Mets360 2017 projections: Jay Bruce

The last player we’re going to project this year is Jay Bruce, which is fitting because in many ways he’s the last guy fans want on the team. Few complained when the Mets picked up his option yet many complain that he’s still on the team and blocking Michael Conforto. What gets lost in the anger is that Bruce has delivered numbers in his career that we hope that Conforto will one day.

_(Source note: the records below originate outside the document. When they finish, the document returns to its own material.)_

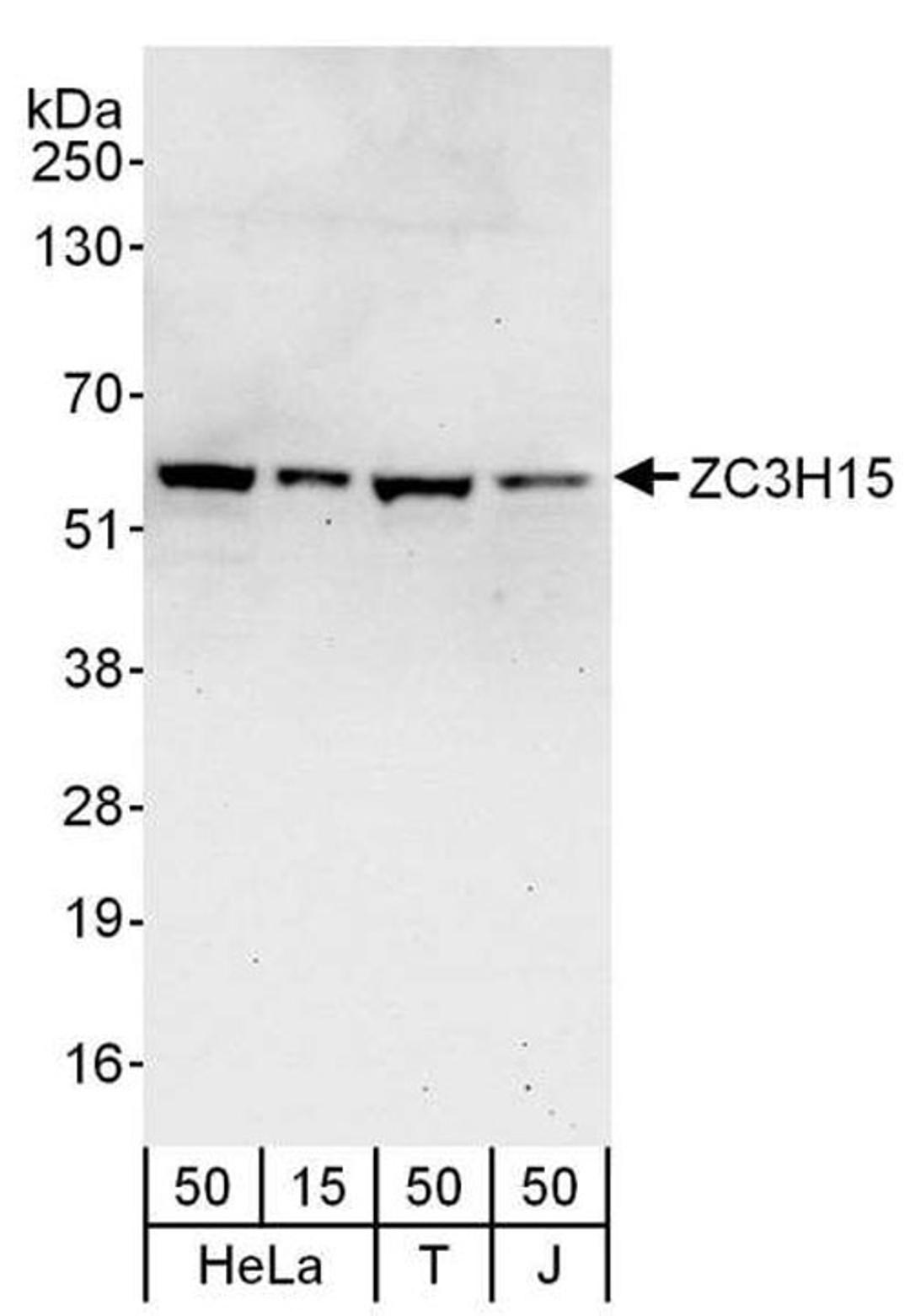 Detection of human ZC3H15 by WB.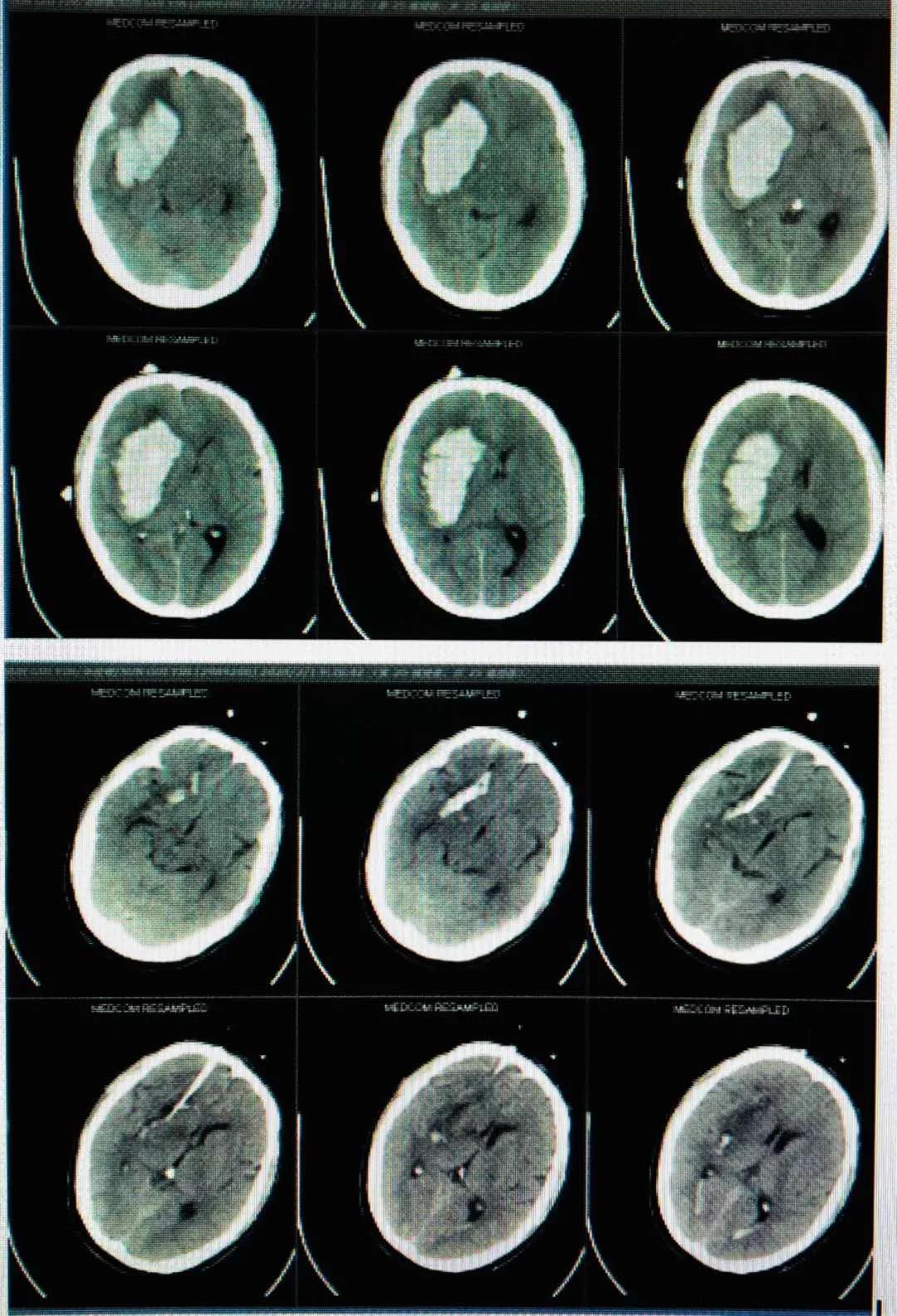 泉州:突破!永春县总医院成功开展新技术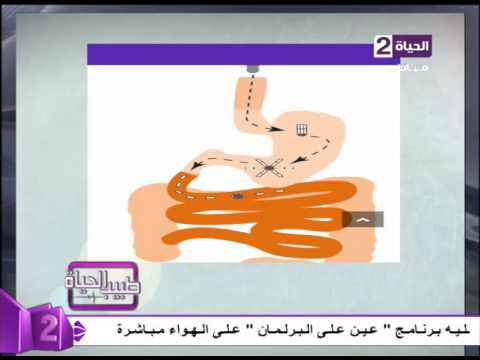 طفرة جديدة في مجال الطب لمرضى السكر والضغط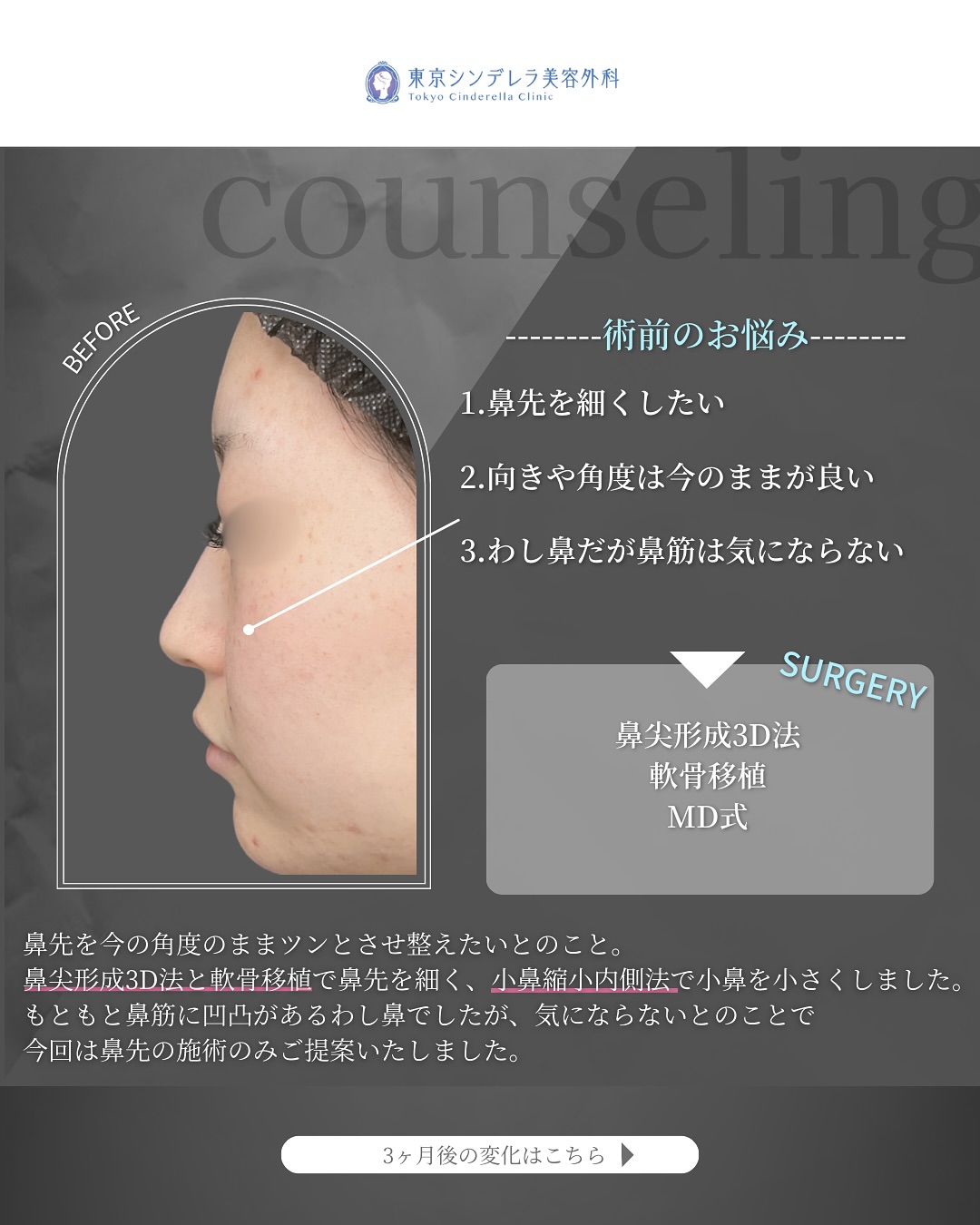 新宿院で行った鼻整形の名医の吉原伯医師のMD式の鼻尖形成3D法と軟骨移植の症例写真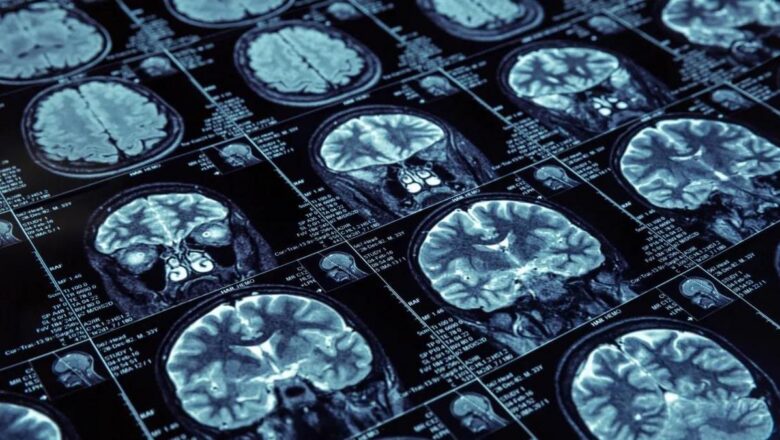 Alzheimer hastalığı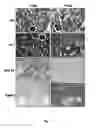 Fig. 08 - METHOD FOR IDENTIFYING A RENAL FIBROSIS PROCESS USE OF SNAIL- ACTIVITY-INHIBITING COMPOUNDS IN  THE PRODUCTION OF PHARMACEUTICAL COMPOSITIONS, METHOD FOR IDENTIFYING SAID INHIBITING COMPOUNDS, SAID PHARMACEUTICAL COMPOSITIONS AND APPLICATIONS THEREOF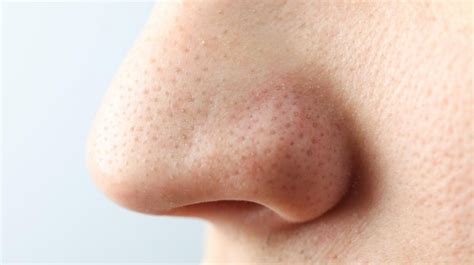 7 Cara Ampuh Treatment Menghilangkan Komedo dalam 1 Minggu! 7 Cara Ampuh Treatment Menghilangkan Komedo dalam 1 Minggu!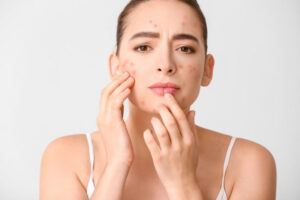 Safe Acne Treatment Approaches to Prevent Scars and Dark Spots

In five of the past seven years, Bruce has delivered an OPS of .807 or greater. Last year his mark was .815 although the bulk of that happened before he was acquired by the Mets. But just because his good hitting happened elsewhere doesn’t mean it didn’t happen at all. And before you claim that he’s simply a product of Great American Ball Park, know that he had an .827 OPS in Cincinnati last year. At the time of the trade, Bruce had an .875 OPS, meaning he hit noticeably better in road parks when he was right.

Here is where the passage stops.